Herr Saint-Georges: Die überragenden Investment-Themen Ihres Hauses waren in der Vergangenheit Schwellenländer und Rohstoffe. Entsprechend waren die Flaggschiffe Carmignac Patrimoine und Carmignac Investissement ausgerichtet. Für die Eurozone waren Sie lange pessimistisch gestimmt, und Euro-Aktien in Ihren Fonds deutlich untergewichtet. Das hat sich in diesem Jahr geändert. Sie haben Eurozonen-Aktien gekauft, Rohstoffe, einschließlich Gold, komplett verkauft und Schwellenländer-Aktien reduziert. Was ist passiert?
Nun, ja, auch wenn Ihre Beobachtung im Großen und Ganzen zutrifft, müssen Sie zunächst berücksichtigen, dass wir keine Emerging-Markets-Investoren sind. Wir waren zwar seit Auflage unserer Fonds in den Emerging Markets engagiert, aber in erster Linie sind wir global ausgerichtete Investoren, die ihre Portfolios stark diversifizieren.
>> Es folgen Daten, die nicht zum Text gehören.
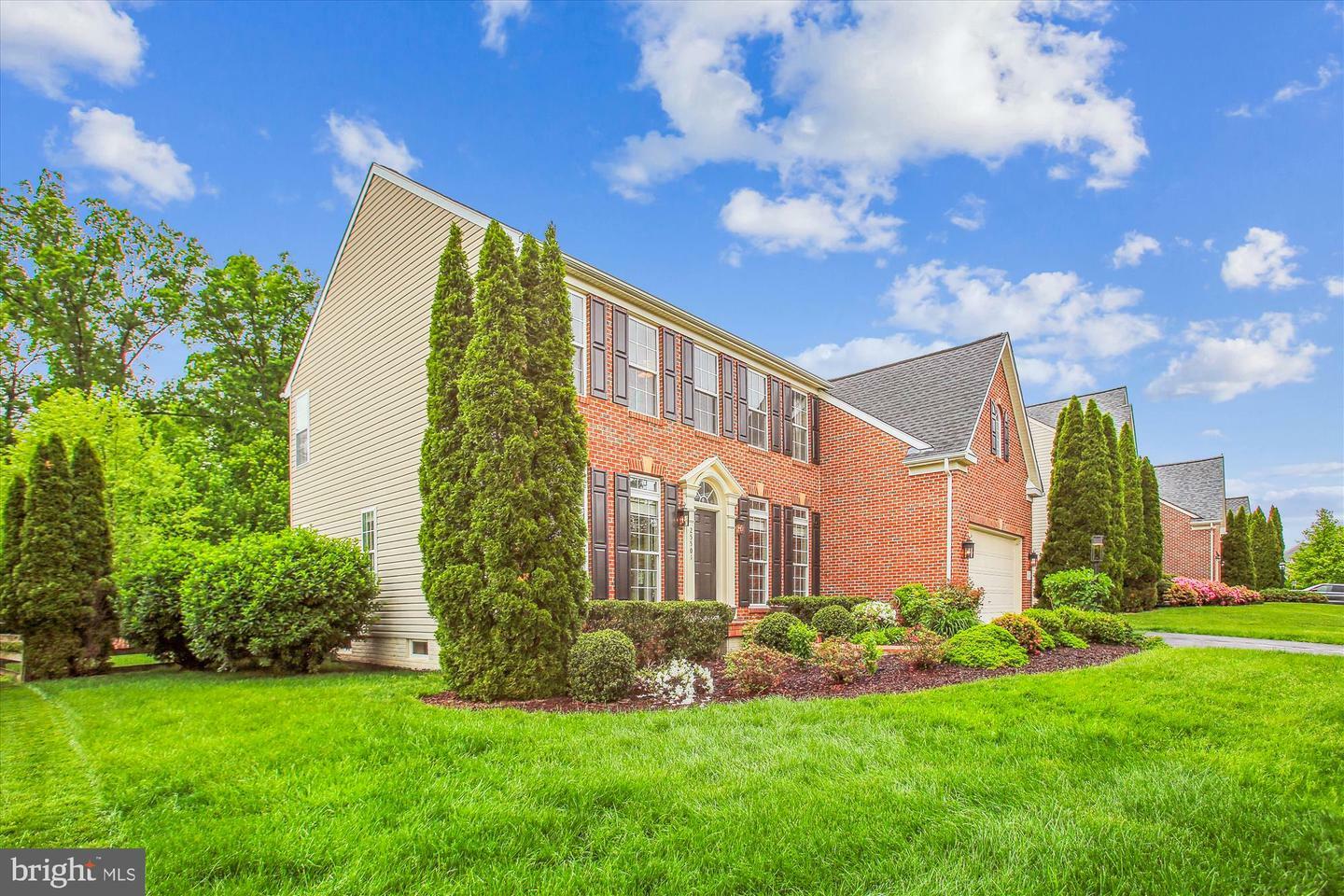 Property Photo: 25501 Tomey Court VA 20105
Ich kann mich erinnern, dass im Jahr 2008 viele Beobachter wegen des hohen Emerging-Markets-Anteils in unseren Fonds mit einem Absturz gerechnet haben. Tatsächlich hat aber der Carmignac Patrimoine nichts verloren! Spätestens an dem Punkt sollten viele gemerkt haben, dass es bei uns nicht nur um Emerging Markets geht.
Das mag sein, aber Sie haben das Wachstum in den Emerging Markets stets als säkularen Trend hervorgehoben…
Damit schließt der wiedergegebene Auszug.